■ Try it
With the pictures set aside, return the lines below exactly, beginning at the first and ending at the line containing "F1 Hybrid Cucumber".

■ Records for the exercise
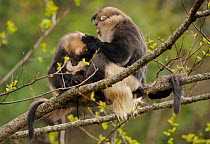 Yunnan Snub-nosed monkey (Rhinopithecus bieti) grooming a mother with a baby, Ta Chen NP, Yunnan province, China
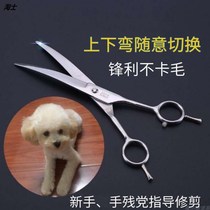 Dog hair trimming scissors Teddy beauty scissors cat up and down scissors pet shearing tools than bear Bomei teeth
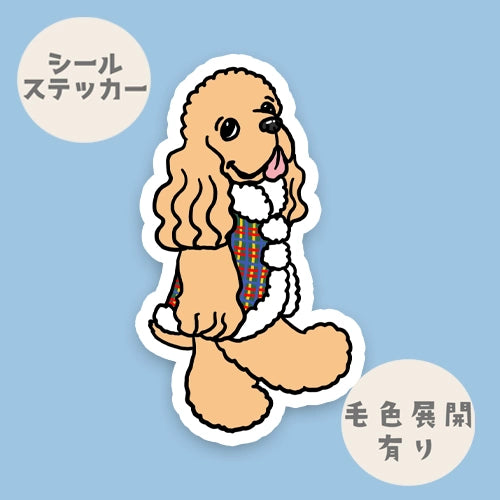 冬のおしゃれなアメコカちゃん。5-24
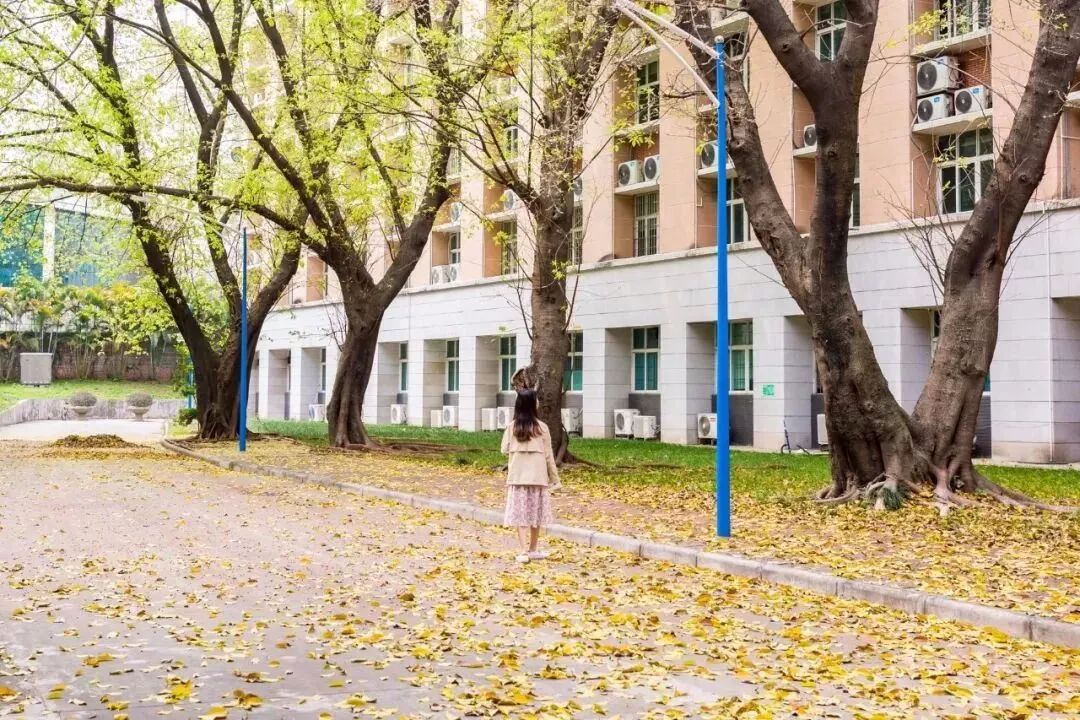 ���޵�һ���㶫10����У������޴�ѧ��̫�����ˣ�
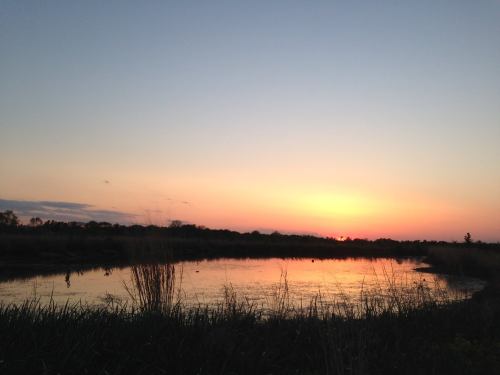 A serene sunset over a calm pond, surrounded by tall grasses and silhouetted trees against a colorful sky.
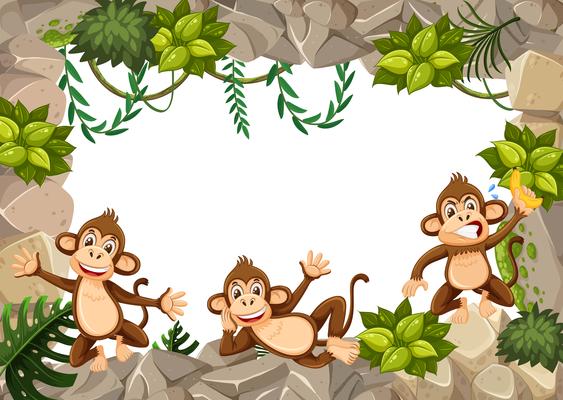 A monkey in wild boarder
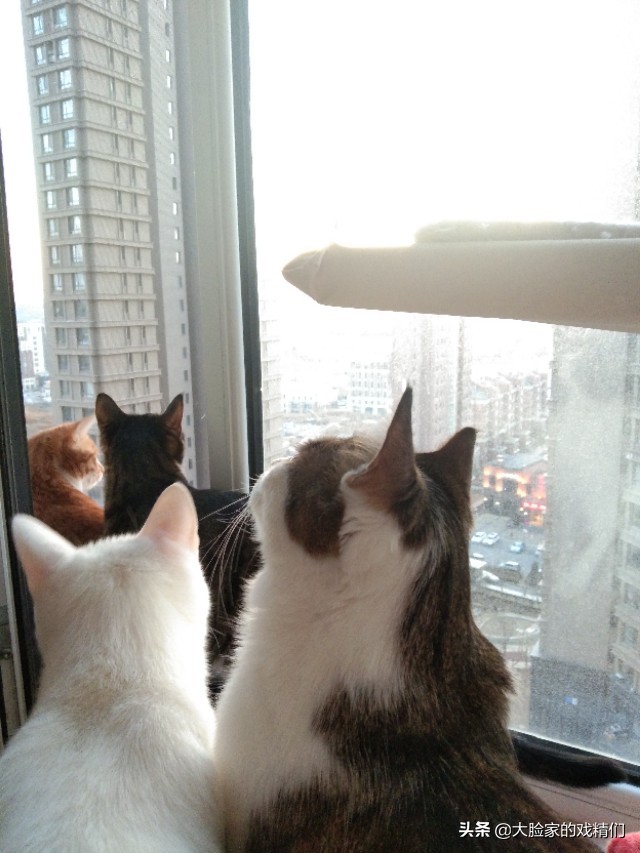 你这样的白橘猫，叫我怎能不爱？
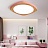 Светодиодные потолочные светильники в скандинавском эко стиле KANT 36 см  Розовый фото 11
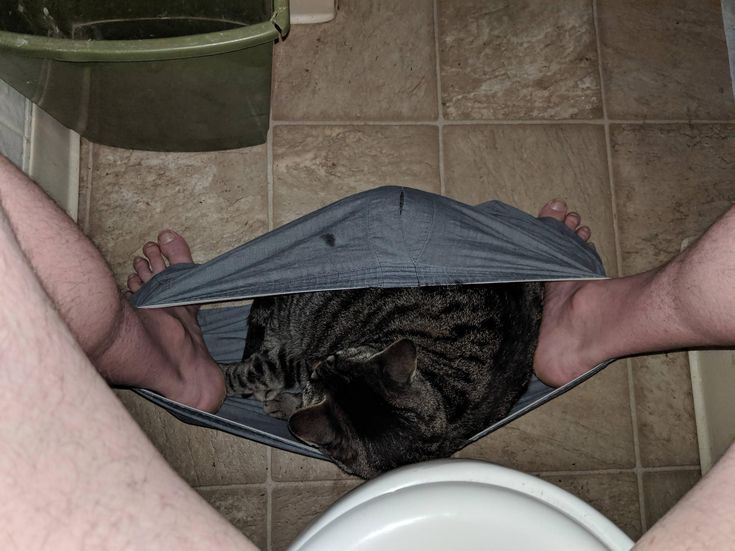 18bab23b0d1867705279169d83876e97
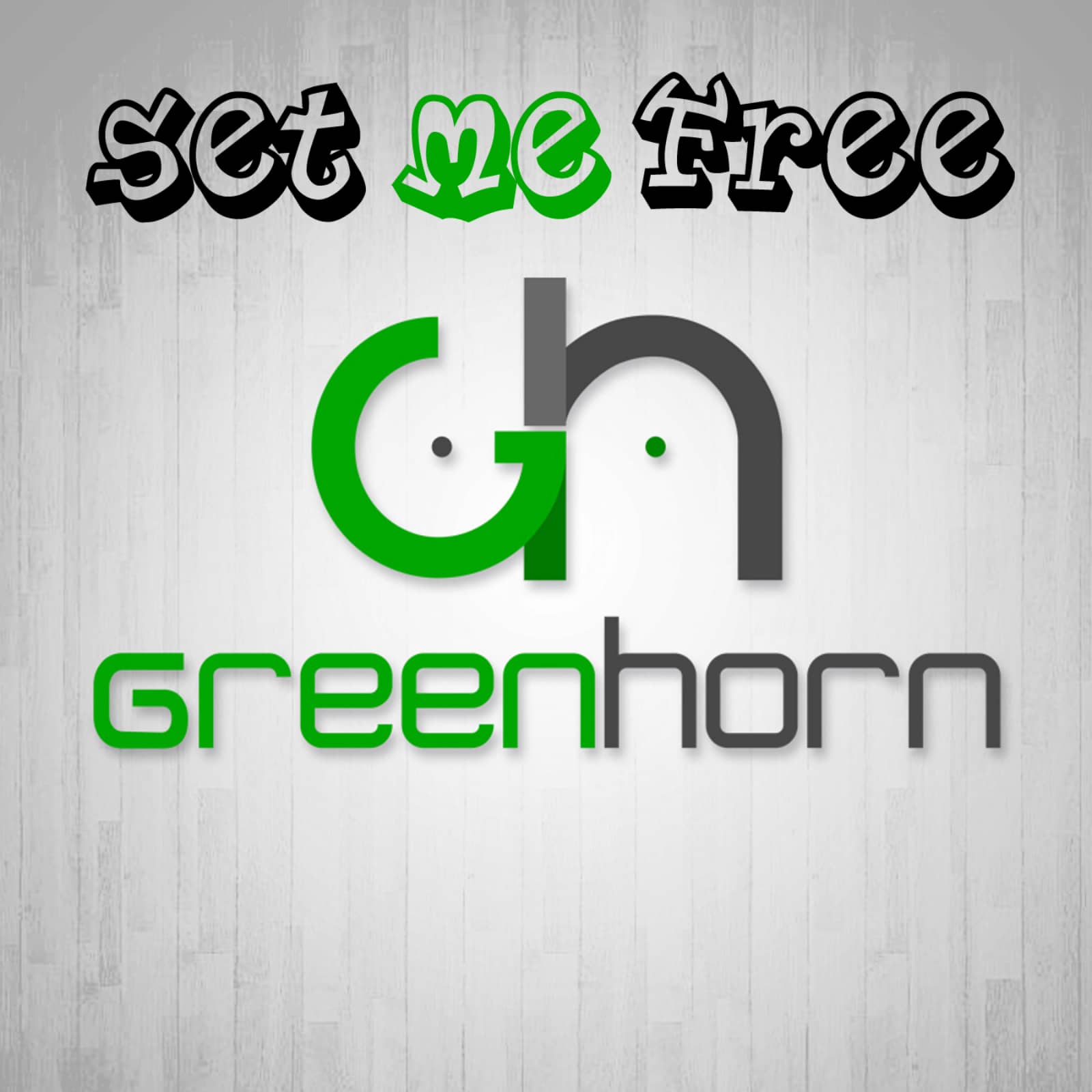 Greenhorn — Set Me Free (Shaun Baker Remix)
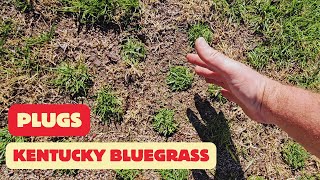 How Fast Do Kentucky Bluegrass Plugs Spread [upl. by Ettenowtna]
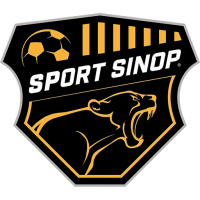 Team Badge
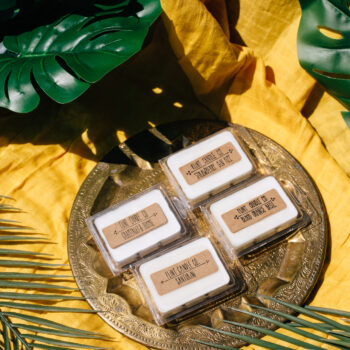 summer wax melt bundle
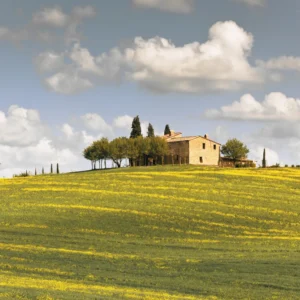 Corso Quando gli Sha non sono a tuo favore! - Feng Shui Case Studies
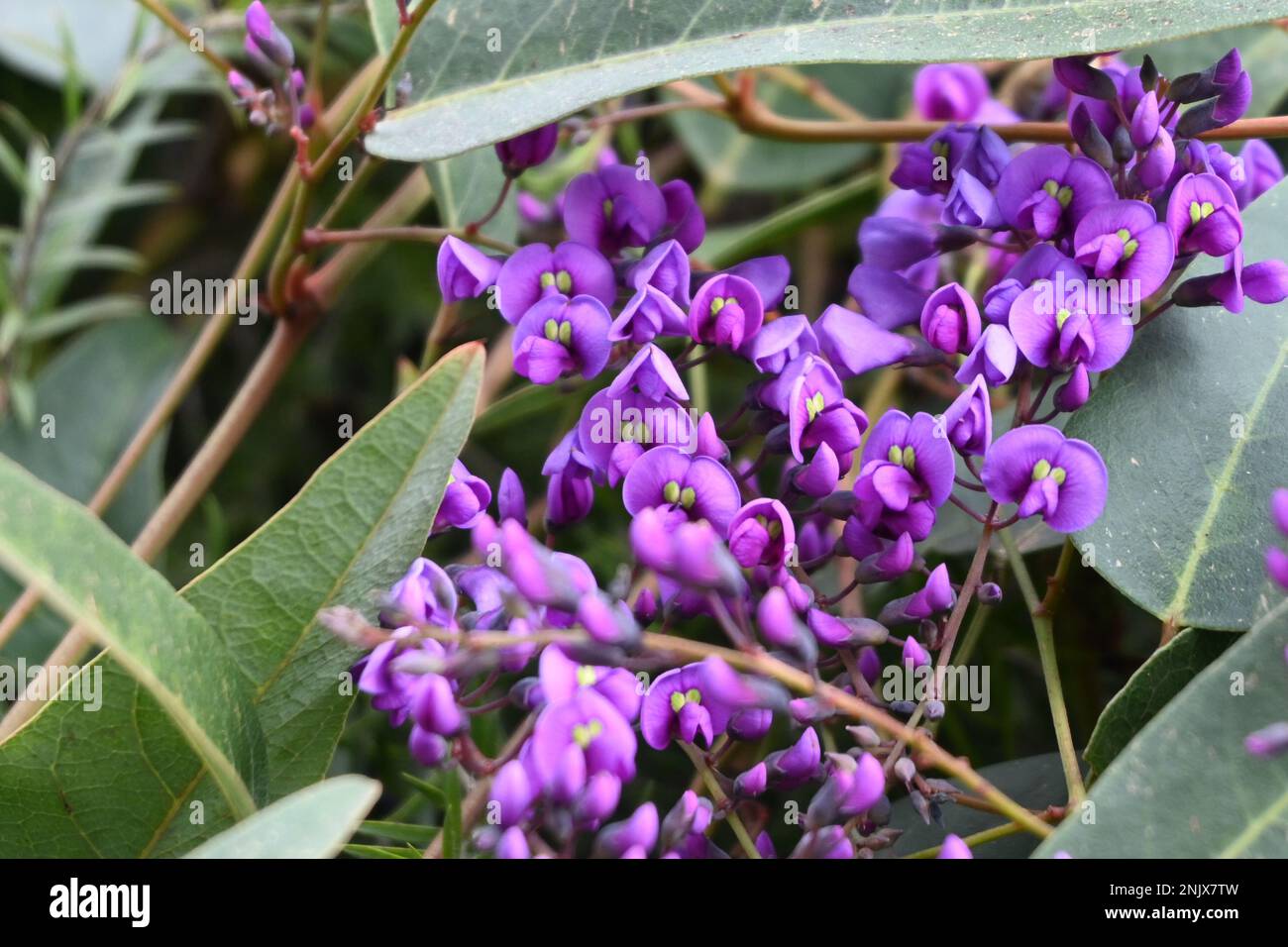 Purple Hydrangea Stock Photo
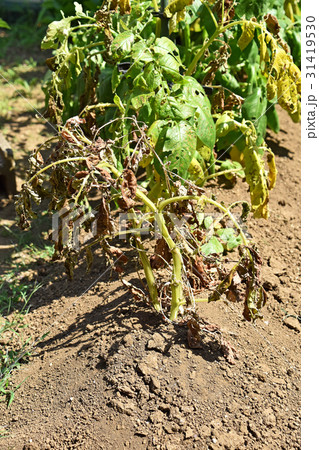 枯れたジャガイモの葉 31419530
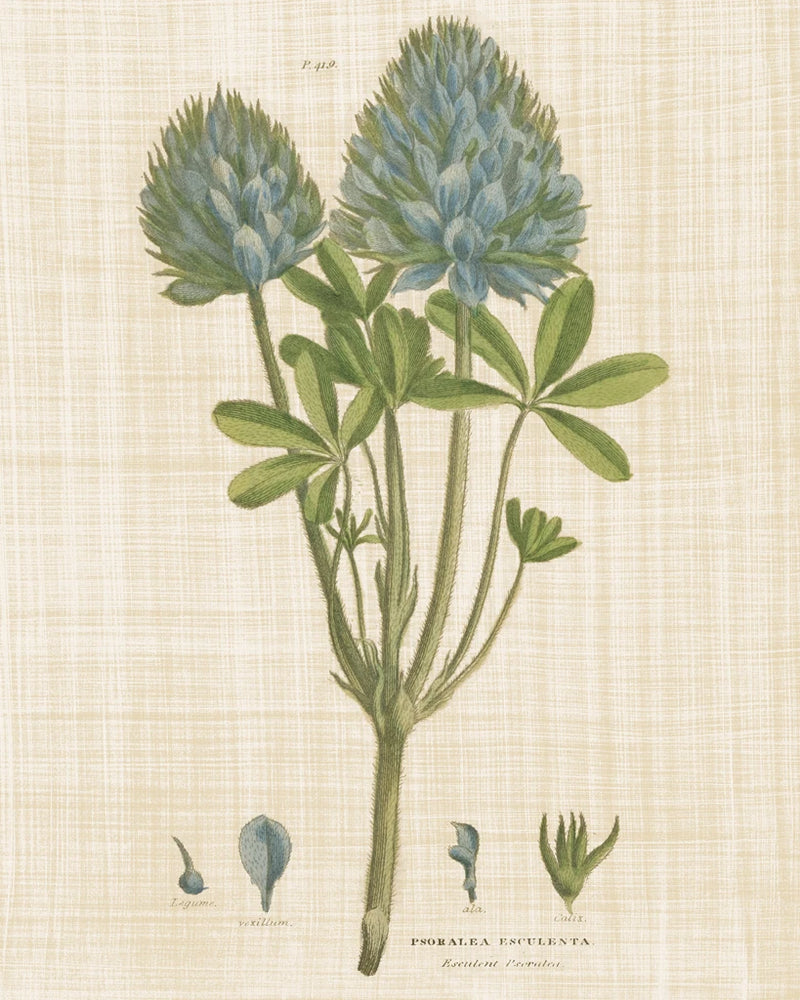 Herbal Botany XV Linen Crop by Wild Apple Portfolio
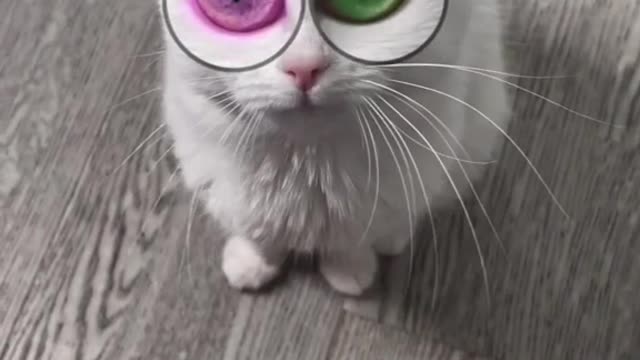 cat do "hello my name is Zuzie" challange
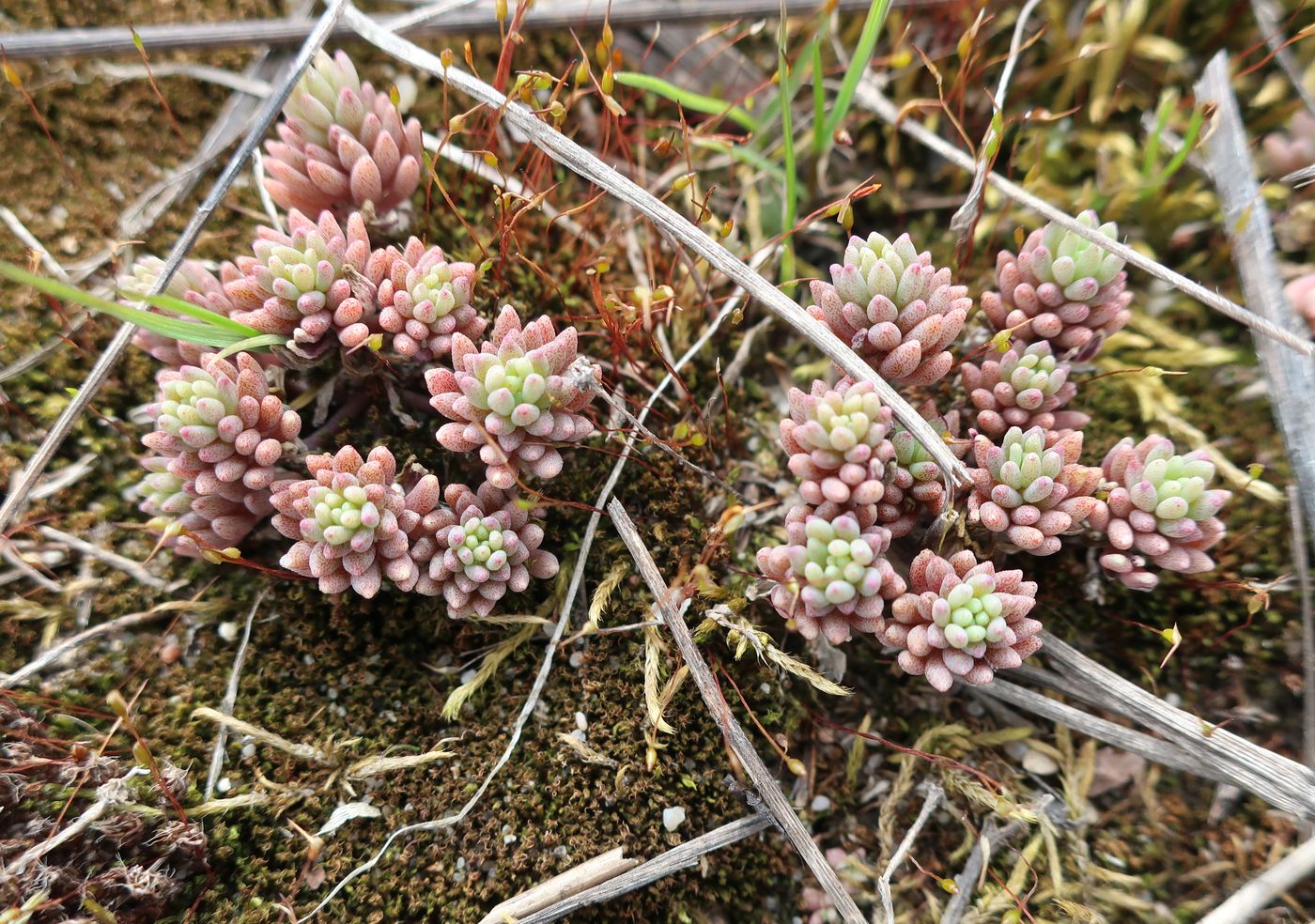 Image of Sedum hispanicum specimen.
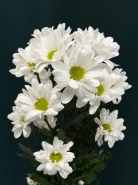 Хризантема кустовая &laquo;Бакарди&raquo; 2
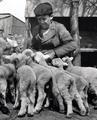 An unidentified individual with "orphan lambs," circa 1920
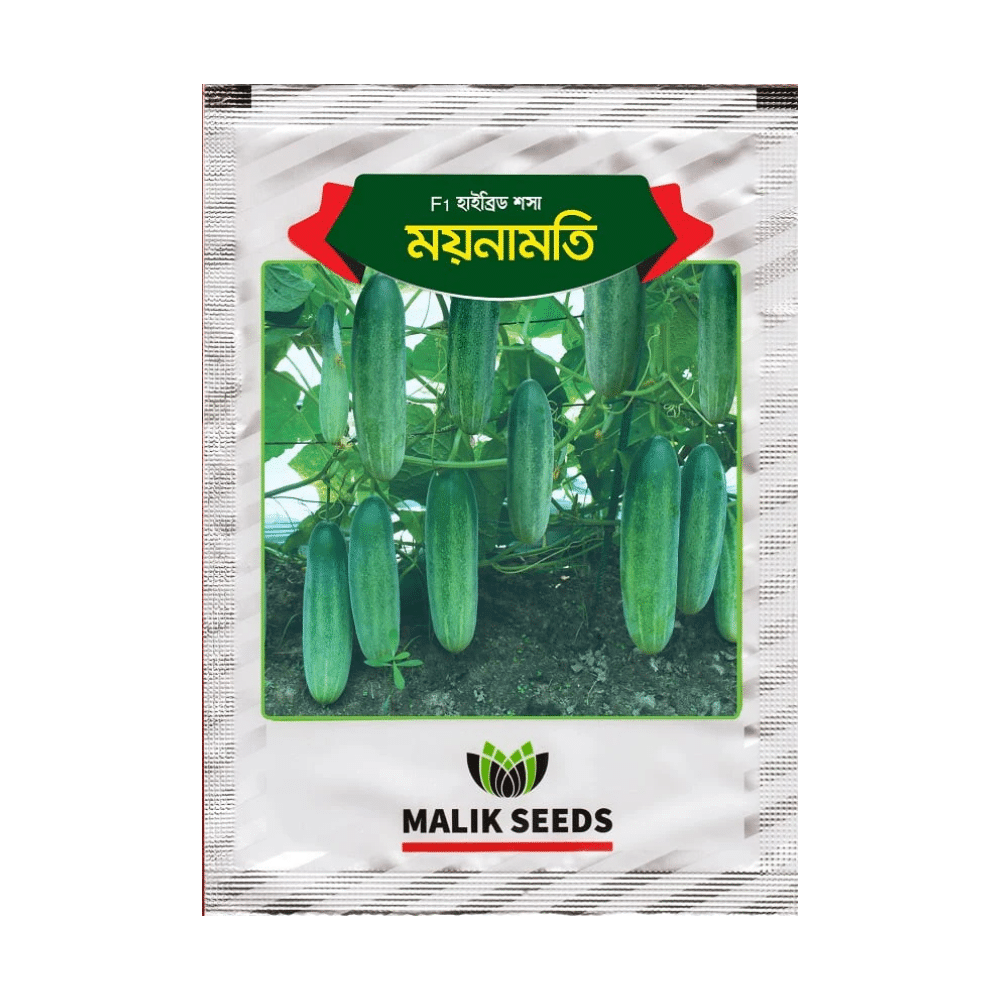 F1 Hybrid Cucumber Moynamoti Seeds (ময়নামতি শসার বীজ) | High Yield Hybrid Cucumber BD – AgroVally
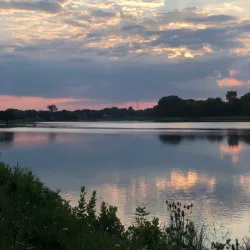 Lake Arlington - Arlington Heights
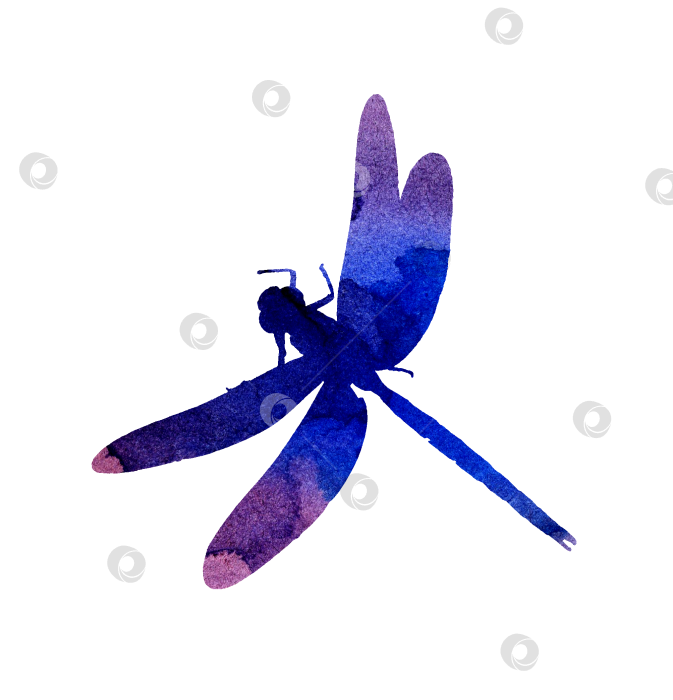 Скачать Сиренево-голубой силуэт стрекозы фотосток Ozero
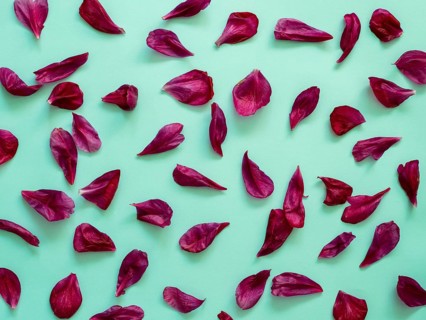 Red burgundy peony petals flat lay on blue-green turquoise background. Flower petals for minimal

■ Answer to this task
 Yunnan Snub-nosed monkey (Rhinopithecus bieti) grooming a mother with a baby, Ta Chen NP, Yunnan province, China
 Dog hair trimming scissors Teddy beauty scissors cat up and down scissors pet shearing tools than bear Bomei teeth
 冬のおしゃれなアメコカちゃん。5-24
 ���޵�һ���㶫10����У������޴�ѧ��̫�����ˣ�
 A serene sunset over a calm pond, surrounded by tall grasses and silhouetted trees against a colorful sky.
 A monkey in wild boarder
 你这样的白橘猫，叫我怎能不爱？
 Светодиодные потолочные светильники в скандинавском эко стиле KANT 36 см  Розовый фото 11
 18bab23b0d1867705279169d83876e97
 Greenhorn — Set Me Free (Shaun Baker Remix)
 How Fast Do Kentucky Bluegrass Plugs Spread [upl. by Ettenowtna]
 Team Badge
 summer wax melt bundle
 Corso Quando gli Sha non sono a tuo favore! - Feng Shui Case Studies
 Purple Hydrangea Stock Photo
 枯れたジャガイモの葉 31419530
 Herbal Botany XV Linen Crop by Wild Apple Portfolio
 cat do "hello my name is Zuzie" challange
 Image of Sedum hispanicum specimen.
 Хризантема кустовая &laquo;Бакарди&raquo; 2
 An unidentified individual with "orphan lambs," circa 1920
 F1 Hybrid Cucumber Moynamoti Seeds (ময়নামতি শসার বীজ) | High Yield Hybrid Cucumber BD – AgroVally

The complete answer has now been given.